The pressurized water reactor worked, as we know. In August, 1951, the Navy let a contract to the Electric Boat Company of Groton, Connecticut, for construction of a nuclear-powered submarine. On June 14, 1952, Harry Truman began the laying of the keel, noting that “widespread use of atomic power is still years away” and remarking on the “paradox that most of our progress toward the peaceful application of atomic energy has come under the pressure of military necessity.” On January 21, 1954, Mamie Eisenhower launched the nuclear-powered Nautilus with a bottle of champagne. Rick over, now an admiral after a nasty battle with the conservative admirals of the Navy’s selection boards, was already busy elsewhere. The first, demonstration-scale civilian nuclear power station was abuilding. “The Navy’s project is the basis of the country’s infant atomic industry,” said a congressman fighting the Navy for Rickover’s promotion. “When civilian power comes, it will be a by-product of the Navy’s work.”

“The Navy’s project is the basis of the country’s infant atomic industry. When civilian power comes, it will be a by-product of the Navy’s work.”

The events and decisions that led to the commissioning of America’s first large-scale civilian power reactor were complicated. A chronology clarifies:

June, 1950: Charles Thomas, president of Monsanto, writes the AEC: “It is proposed that American industry design, construct and operate one or more atomic power plants with its own capital.…” Similar proposals follow from other firms—utilities and wouldbe reactor manufacturers—during the year.

January, 1951: The AEC issues a general invitation to industry to conduct design studies.
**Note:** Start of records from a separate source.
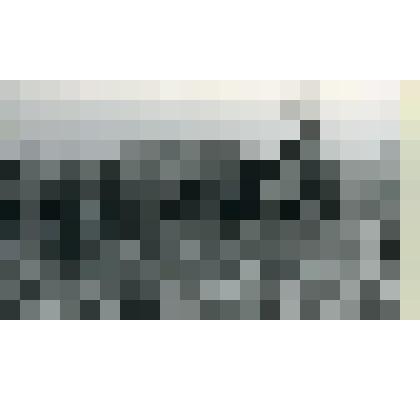 Фотография. Уборка урожая кукурузы. Лист 1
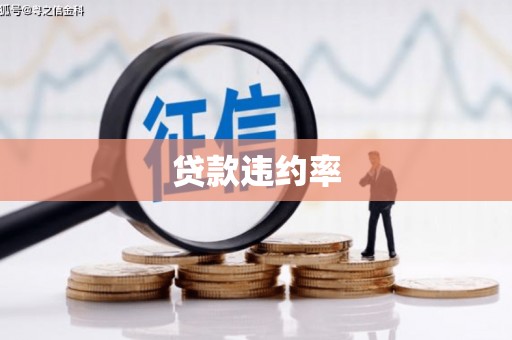 西昌贷款违约率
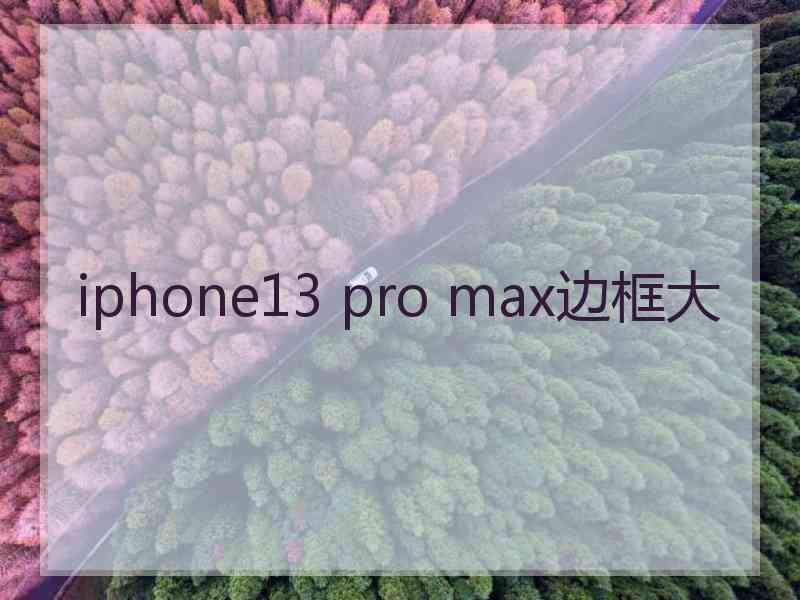 iphone13 pro max边框大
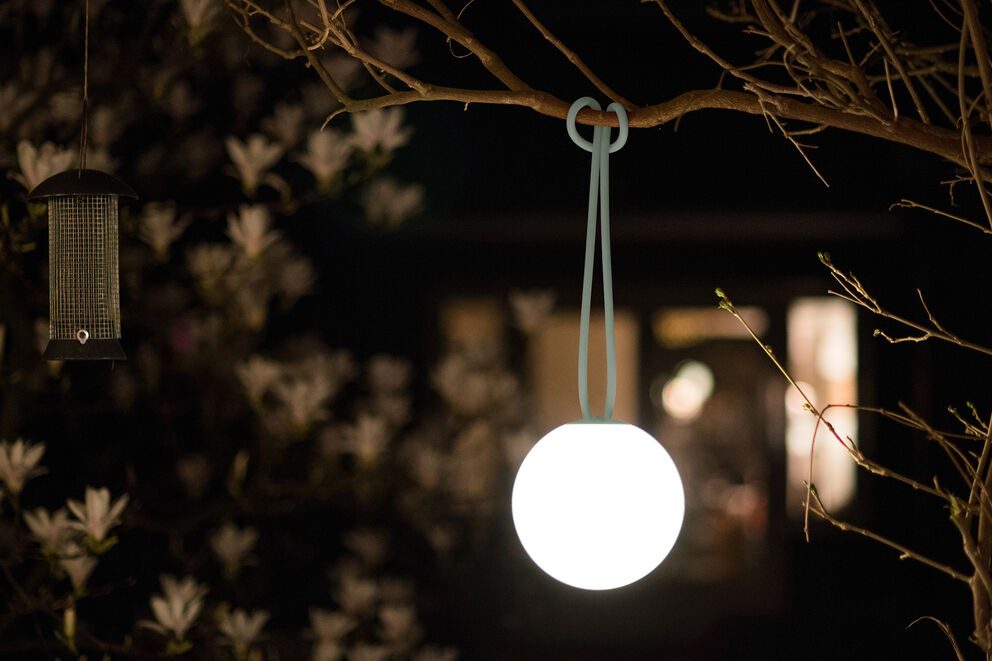 Bolleke Hanging Light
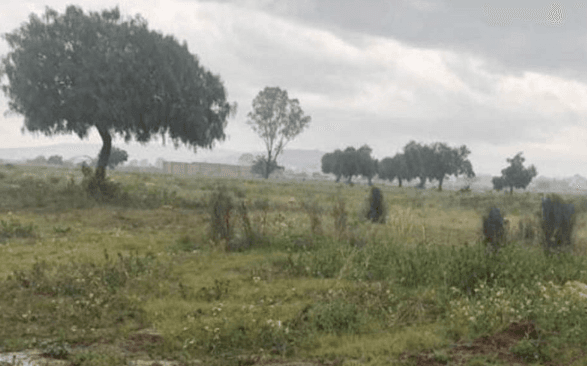 Canadevi pide incluir en la Ley penas a quienes vendan terrenos irregulares en Guanajuato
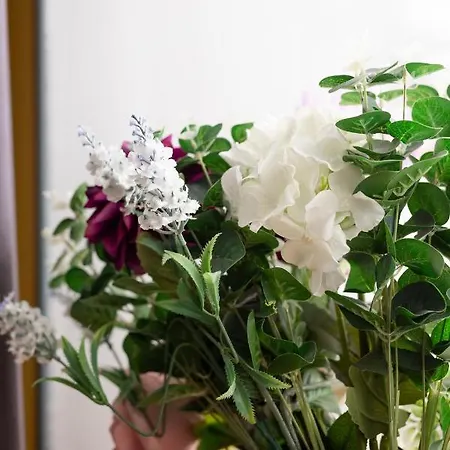 48 Gilmore Place Residences Edinburgh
April, 1952: Following the recommendation of its Industrial Advisory Group, the AEC invites industry to a second round of studies. Thirty companies ultimately participate at their own expense. During the same month, the AEC authorizes Westinghouse, Rickover’s prime reactor contractor, to begin designing a new, larger pressurized water reactor (PWR) for the nuclear propulsion of aircraft carriers.